The next night, we went to a party that was again interrupted by Santa — but this time, his Cuban version. I’d warned the kids that this Santa might look a little different from the one we’d seen the night before, and sure enough, he was a little scrappier and spoke in rapid-fire Spanish. “Ho, ho, ho, ho, ho…. Estas portandote bien? Estas haciendo tu tarea?” he asked as he sat down in his armchair. “Have you been behaving yourselves? Have you been doing your homework?”
My four-year-old daughter tugged at my arm urgently and earnestly. “He’s not real,” she whispered. “Why don’t you think so?” I whispered back. “Because he’s not wearing shoes,” she said, pointing. And sure enough, in place of black boots, all he had were white socks.
Shoes can be difficult to find in Cuba. And it was frankly a miracle that we were able to see Santa in Cuba at all. He doesn’t exist here. Up until a few decades ago, Cubans used to celebrate Three Kings’ Day, a holiday that is fuzzy in the minds of most Americans. It occurs on the evening before January 6th and in place of Santa, the three wise kings of Bethlehem ride on camels and bestow gifts to little children everywhere. Cuban kids used to write notes with their wish lists and put them under their beds. Instead of milk and cookies for Santa, they’d leave grass and water for the camels.
After the Revolution, the tradition continued, but it was Fidel instead who gave the children their presents, as part of a once-grand rationing system that once existed. Boys and girls received three gifts each per year, with boys receiving things like toy cars and girls getting items like dolls. One of my older Cuban friends remembers the one year, the doll came from China, with her black hair pulled in a bun and a green dress that my friend called a “kimono.”
But eventually, that gift-giving holiday faded, because of Fidel’s battles with the Catholic Church and anyways, it was too difficult to provide gifts to every child across the island. Cuban kids these days don’t expect gifts around Christmas time. And while Christmas Day is officially a day off for most Cubans, nothing really happens that day. Many celebrate La Noche Buena, Christmas Eve, at home quietly with their families over a meal of carne asada and rice and beans. The most important holiday of the year happens on the last day of December — El Fin de Ano, which has become a family holiday and a patriotic celebration rolled into one, since Fidel officially took over Cuba on New Year’s Day, back in 1959.
Even if Christmas isn’t widely celebrated in Cuba, I believe it’s important for my family to keep up our American traditions.

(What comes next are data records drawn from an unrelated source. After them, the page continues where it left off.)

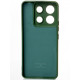  Силіконова накладка Soft Silicone Case для Xiaomi Redmi Note 13 Pro 5G/Poco X6 5G Dark Green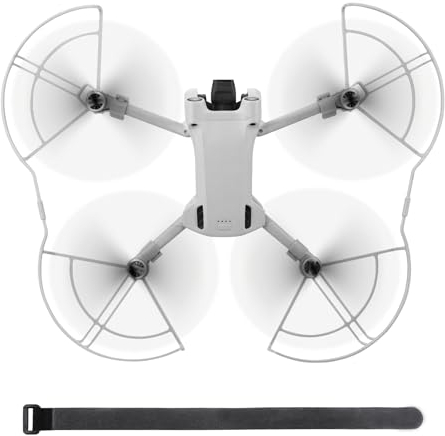 BRDRC Mini 3 Pro/Mini 3 Propeller Guard,Quick Release Prop Protector Lightweight Anti-Collision Blade Bumper for DJI Mini 3 / Mini 3 Pro Accessories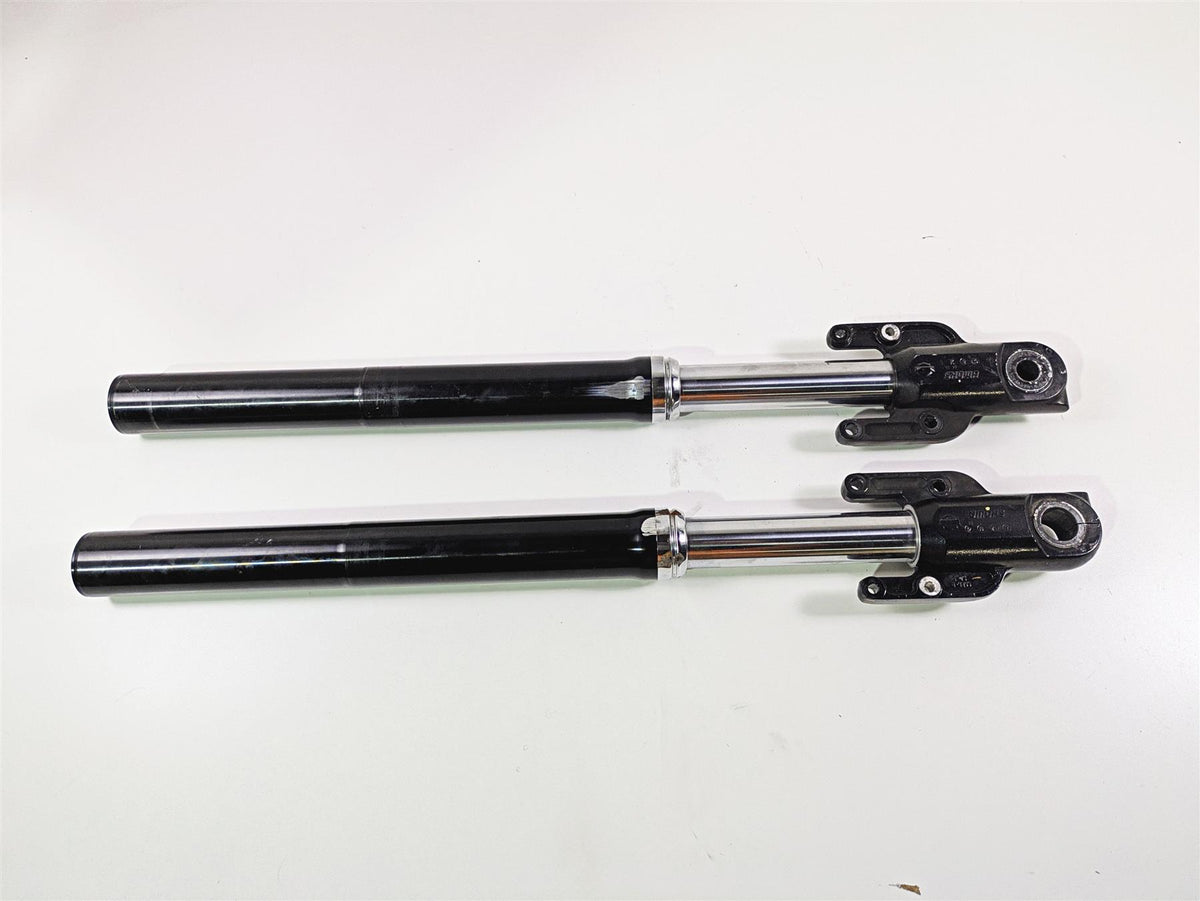 2009 Harley XR1200 Sportster Straight Front Fork Leg Set -Read 46886-08 46887-08 {{ shop.shopifyCountryName }} - Mototech271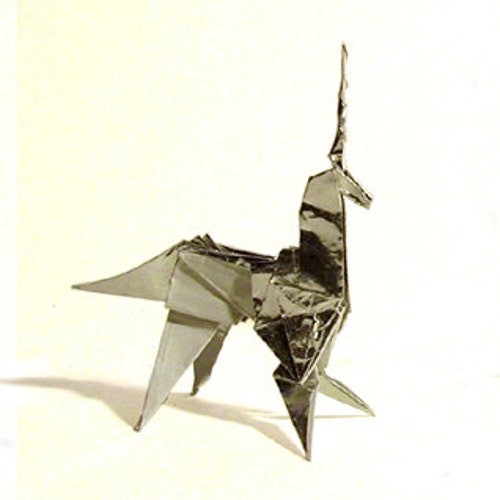 Blade Runner Origami Unicorn Prop 1 1 Scale Etsy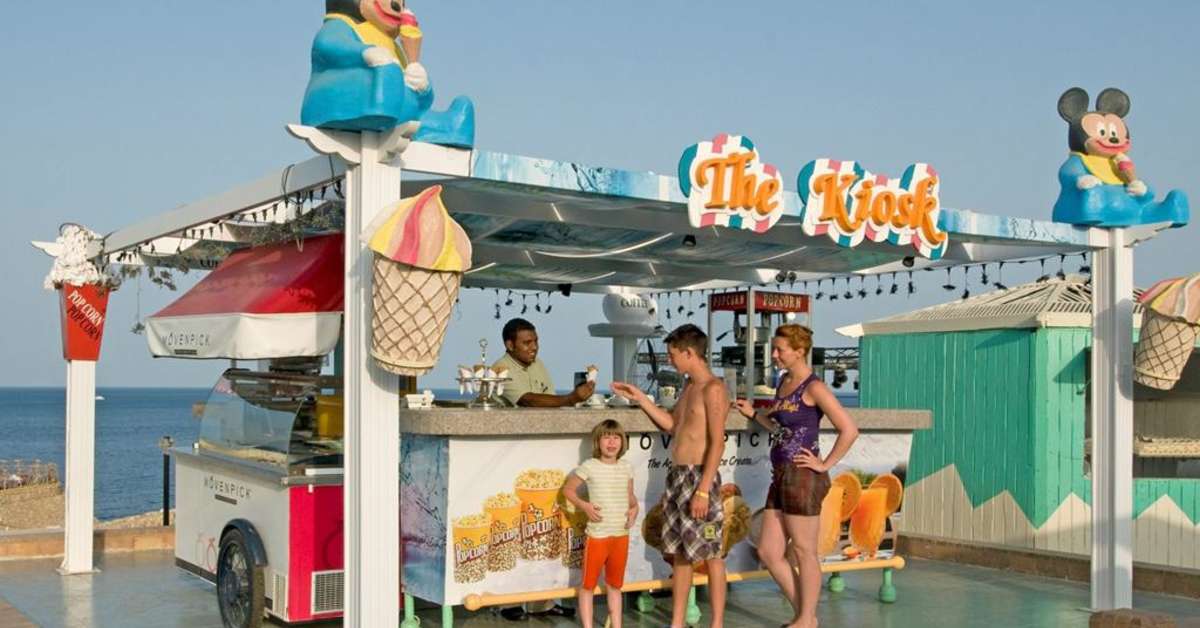 Een foto van de faciliteiten bij Dreams Beach Resort Sharm El Sheikh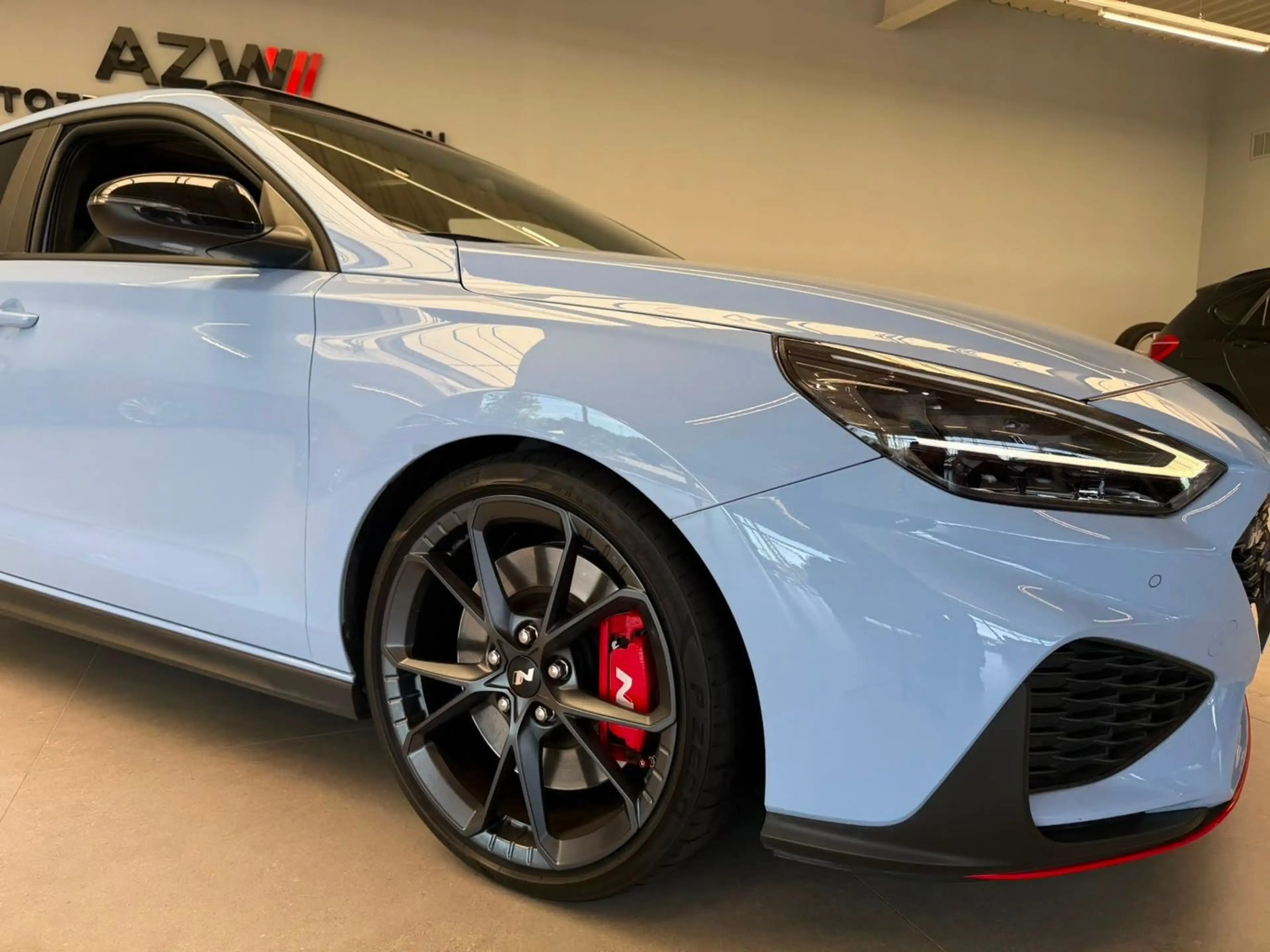 Hyundai i30 N Performance+Sportsitze+Fastback+PerformanceBlue — photo 9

Thus, I was more than happy to take my kids to see Santa twice in two days. And I even lugged a cookie-making project with us to the second party. I skipped the tradition of making gingerbread, since my kids (and most other kids, I imagine) prefer sugar cookies. To give them the right look, I added whole wheat flour to the dough and cut them into the shape of gingerbread men. In place of royal icing, I brought out my cream cheese frosting, which my housekeepers are able to make in large batches with buckets of cream cheese that I occasionally source at one market in Havana. In my pantry, I hunted down some green California raisins, dried red cherries, and butterscotch chips for decoration.
At the party, the cookie decorating activity faced a lot of competition. The parents had pooled together to provide a puppet show with Kike Angel Diaz, one of Cuba’s most famous performers, who, later that evening, played Santa. Kids rode through the property on ponies, hired especially for the party, chased pet peacocks, and jumped in two bouncy castles set up in the expansive yard. But the kids did manage to stop whatever they were doing when the cookies appeared and made little works of edible art. And while the cookies couldn’t compete with the Cuban, bootless Santa Claus’ performance, they did taste pretty good.